DATA UNDER STUDY ->

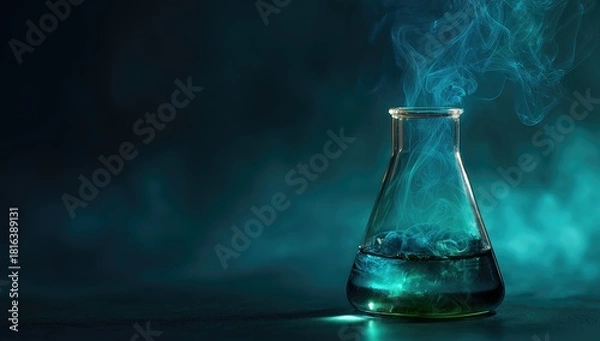 Fototapeta Science experiment in flask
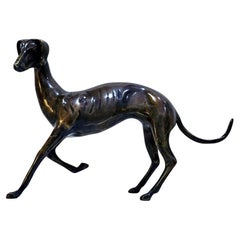 Eleven Inch Mid-Century Modernist Brass Galgo / Greyhound Dog Sculpture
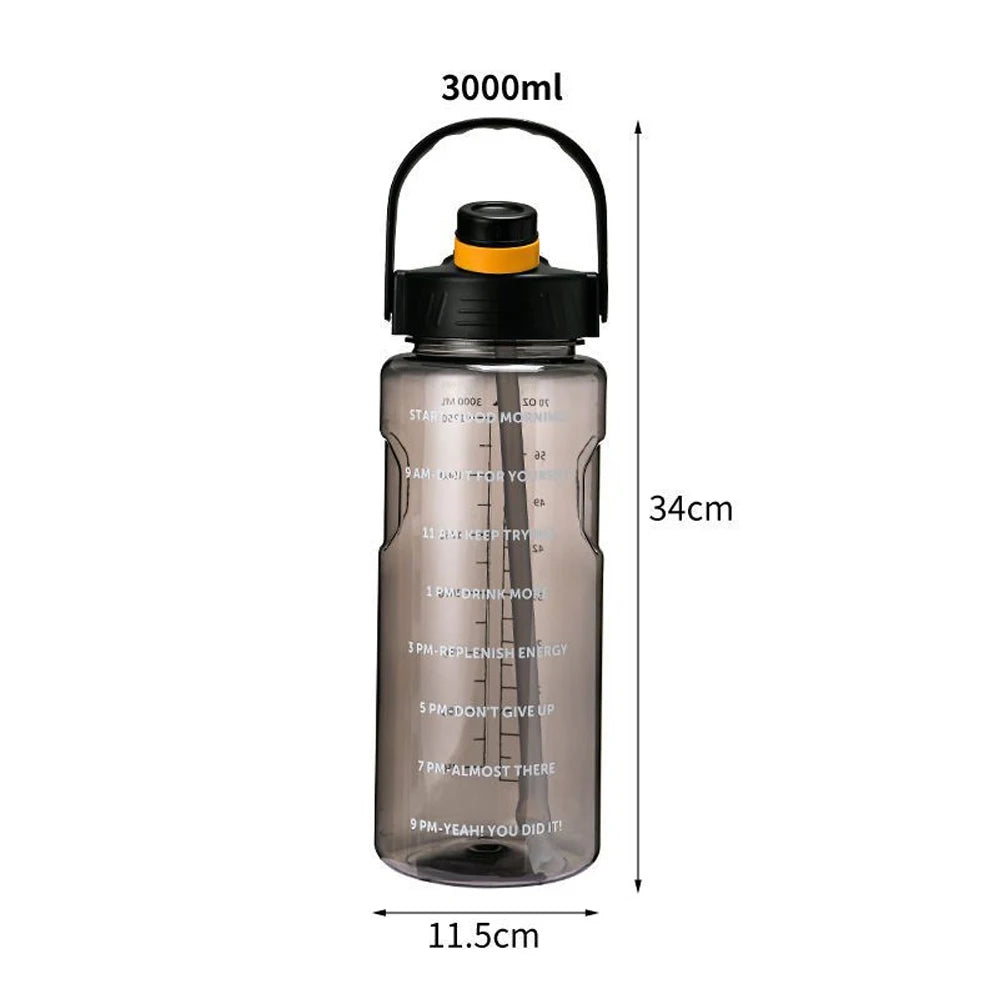 101Oz/50Oz Drinking Bottle with Time Marker  2 in 1 Straw and Lid BPA Free Heat Resistant Gym Water Bottle with Carrying Strap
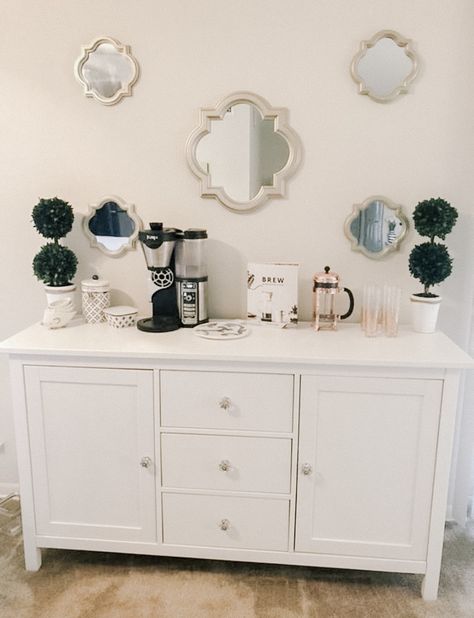 This idea comes from Erin McD., who says replacing hardware can personalize a piece and make it look far more expensive. She did it to the Hemnes Sideboard, and she uses it as a coffee/cocktail bar. Anthropologie is a great place to find pretty hardware, as is Amazon. Ikea Sideboard Dining Room, Ikea Hauga Sideboard, Ikea Kitchen Sideboard, Ikea Hauga Kitchen, Sideboard Buffet Ikea, Hauga Ikea Hacks Kitchen, Ikea Hemnes Sideboard Hack, Hemnes Dining Room, Hemnes Sideboard Hack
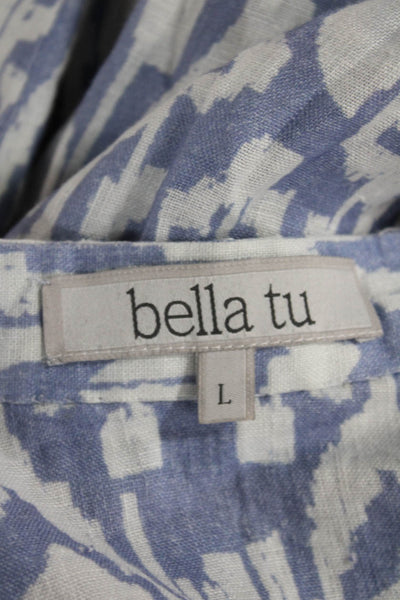 Bella Tu Womens Multicolor Ikat Linen Basic Jacket Longsleeve Size L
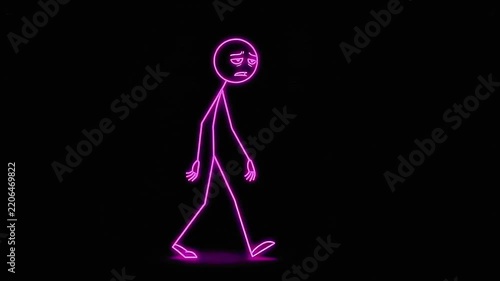 Sad purple neon glowing stick figure walking slowly black background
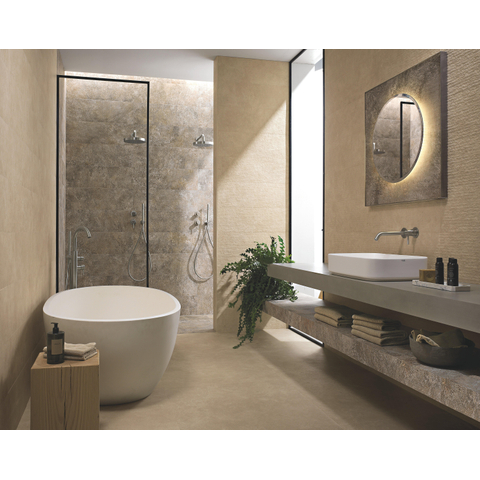ÉCHANTILLON Terravito Elzino carreau mural et de sol - 80x80cm - rectifié - Aspect pierre naturelle - Ardoise mat (brun) SW1221612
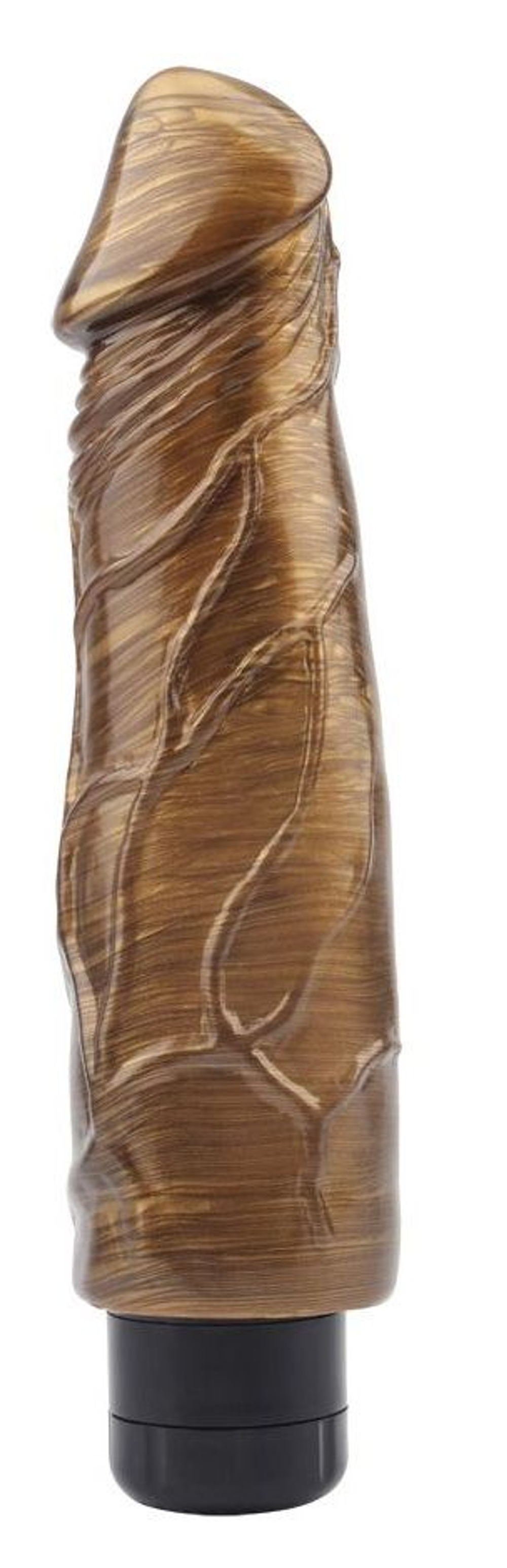 Золотистый вибратор-реалистик Pat McCock - 23,5 см. (Цвет: золотистый)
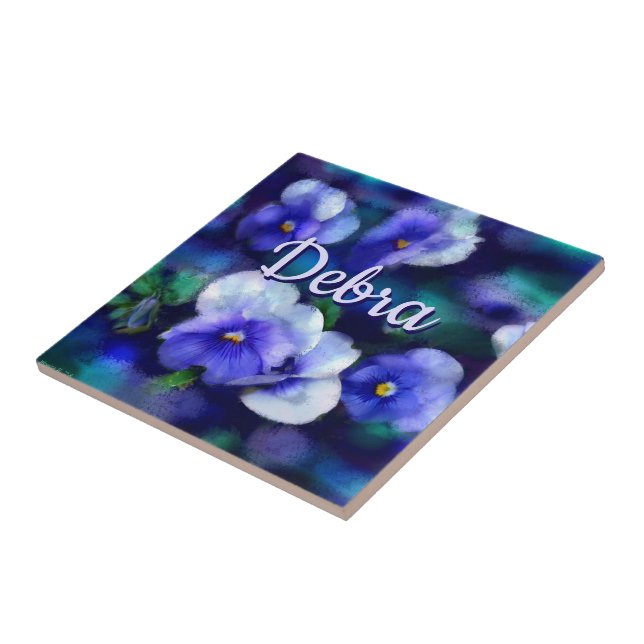 Flor Floral de Flores Azul Personalizado (Lateral)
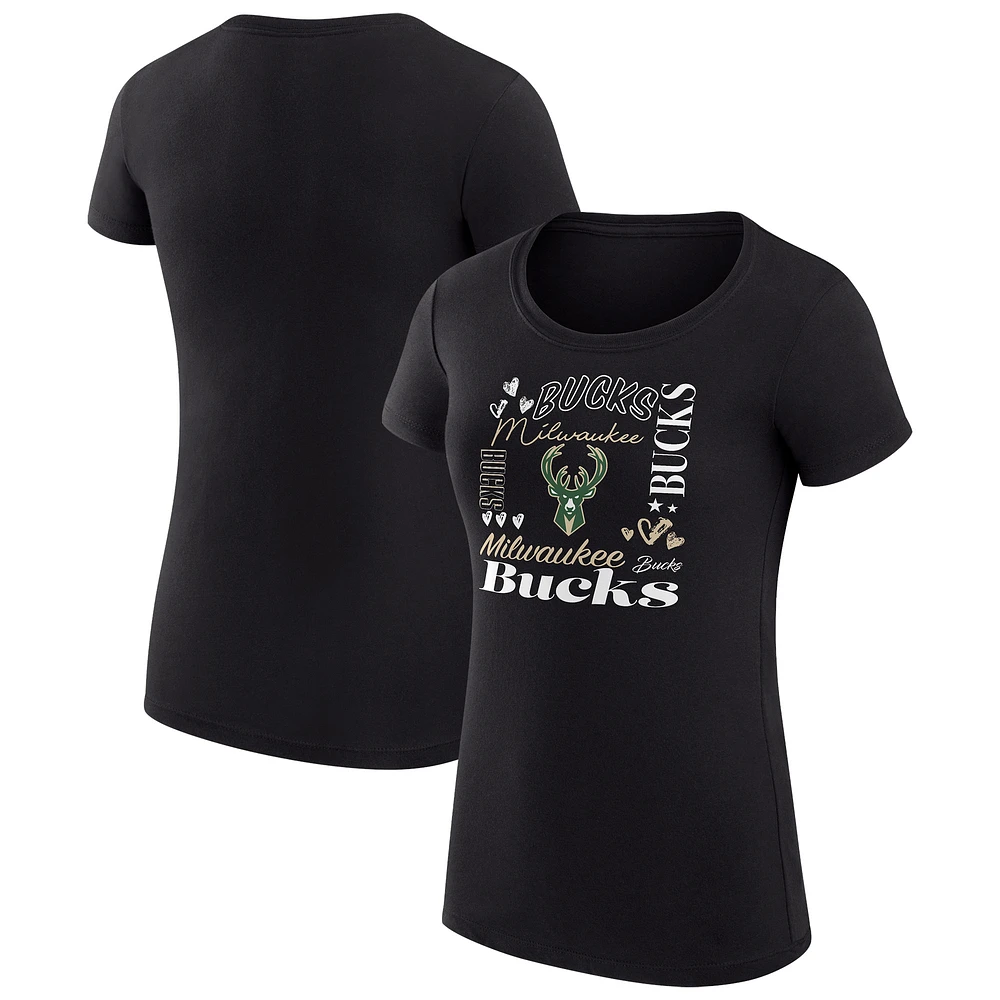 Women's G-III 4Her by Carl Banks Black Milwaukee Bucks Super-Slim Fit Lightweight Team Name Collage Graphic T-Shirt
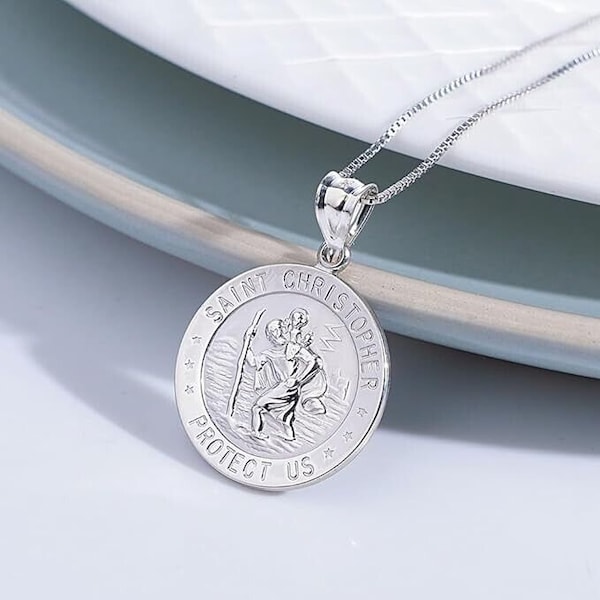 925 Solid Sterling Silver 20MM Saint Christopher Religious Round Pendant Necklace 16"-24"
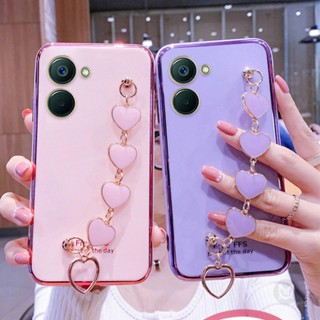 เคสโทรศัพท์มือถือแบบนิ่ม TPU พร้อมสายคล้อง จี้หัวใจ หรูหรา สําหรับ Realme C55 C33 C30 C30S C21Y C25Y C21 C25 C25S C20 C17 C15 C12 C11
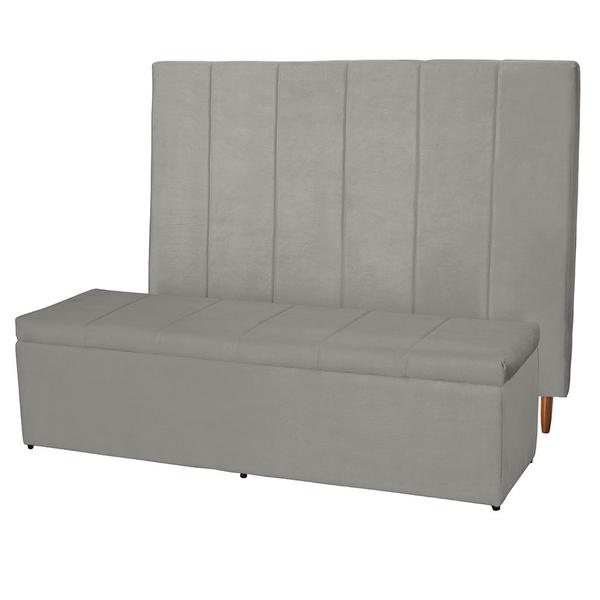 Imagem de Kit Cabeceira 100Cm p/ Cama Box Solteiro + Baú 100Cm Calçadeira Estofada Vitória Suede Bege Claro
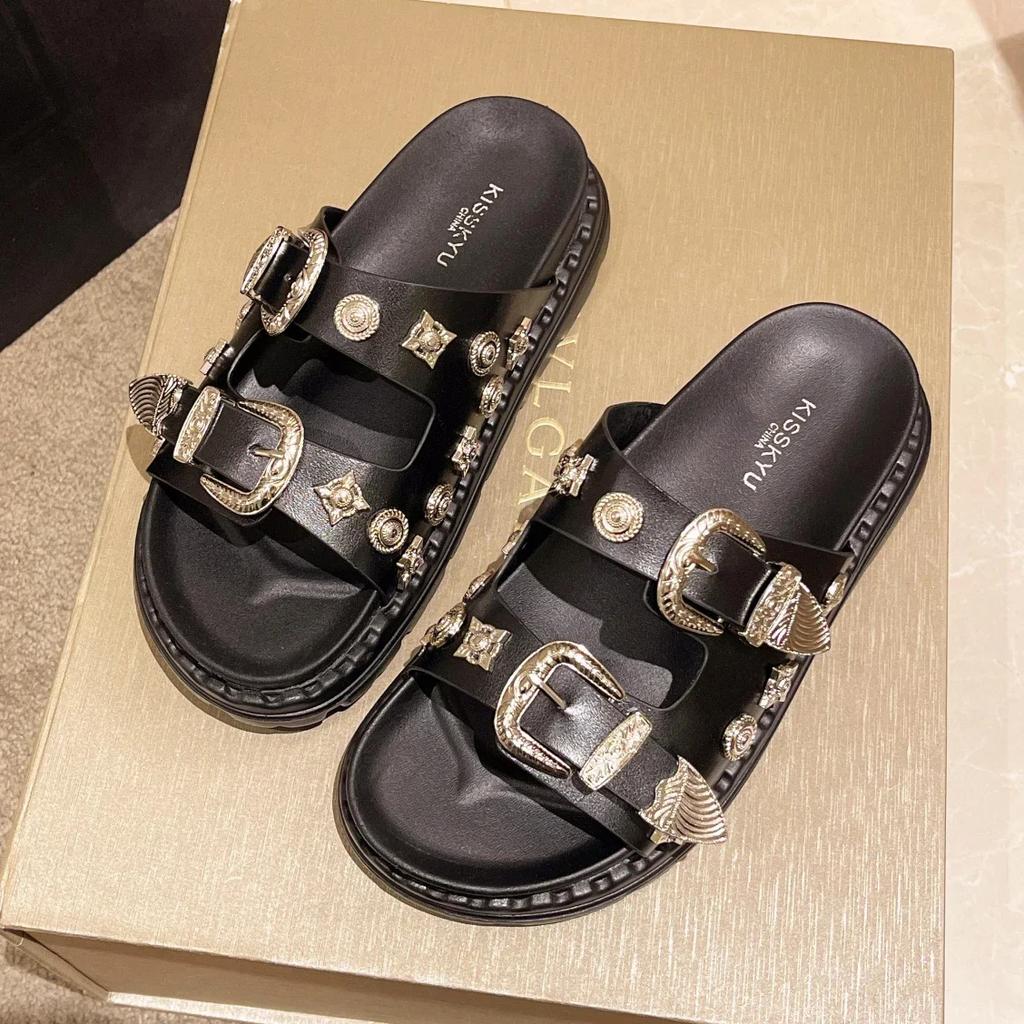 Fashion Summer Women Slippers Punk Rock Rivets Platform Leather Mules Creative Metal Fittings Slippers Female Casual Sandals Shoe Slides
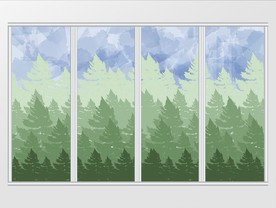 现代唯美抽象手绘森林移门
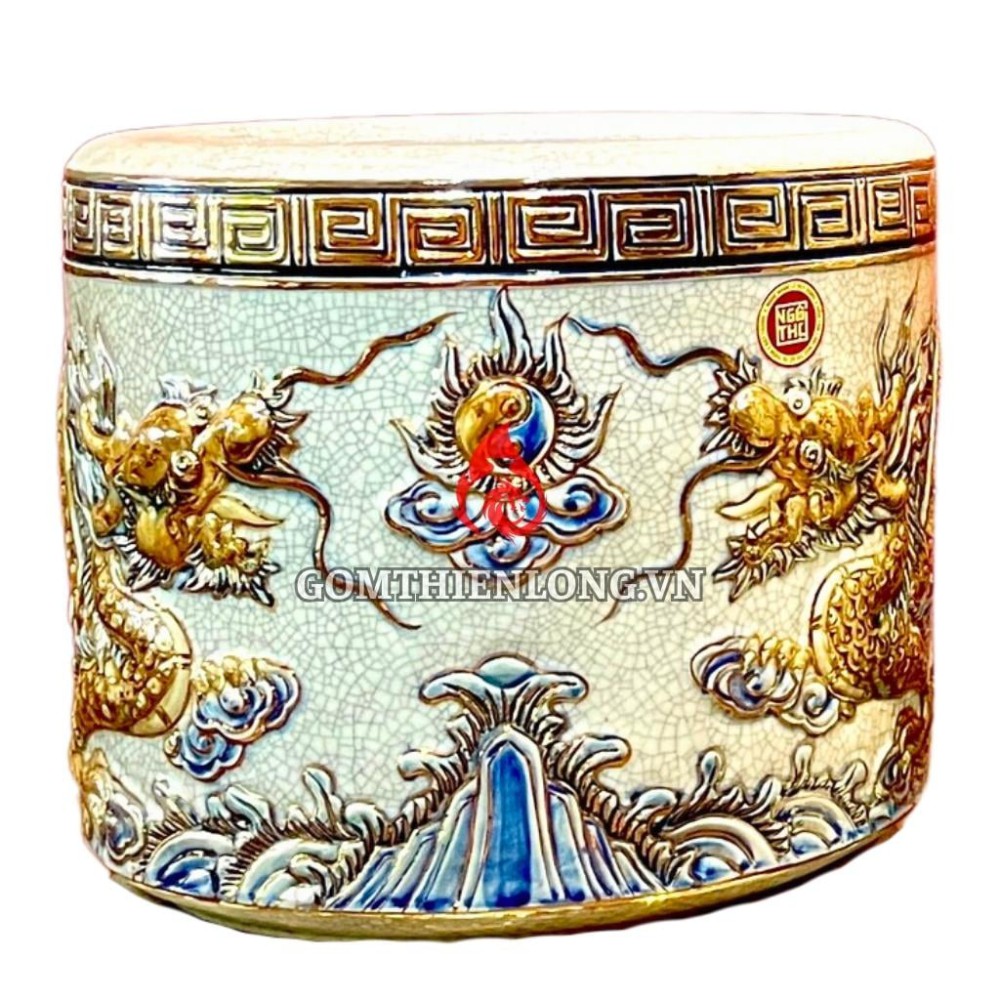 Bát Hương Vẽ Vàng Men Rạn Đắp Nổi Rồng 231007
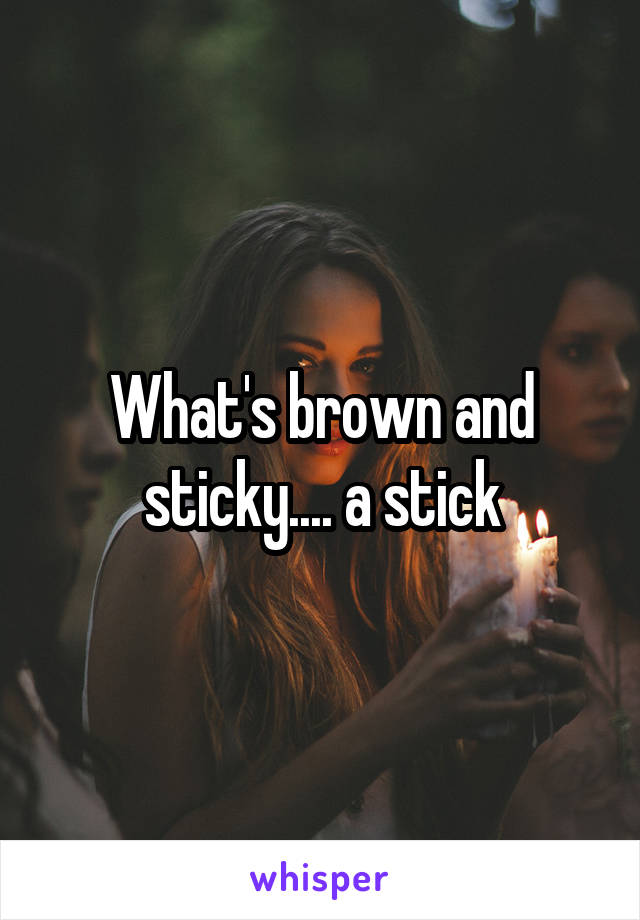 What's brown and sticky.... a stick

WORK INSTRUCTIONS -> Keeping pictures out, repeat exactly the lines from the one containing "Bát Hương Vẽ" through the end of the listing.

EXERCISE OUTPUT ->
 Bát Hương Vẽ Vàng Men Rạn Đắp Nổi Rồng 231007
 What's brown and sticky.... a stick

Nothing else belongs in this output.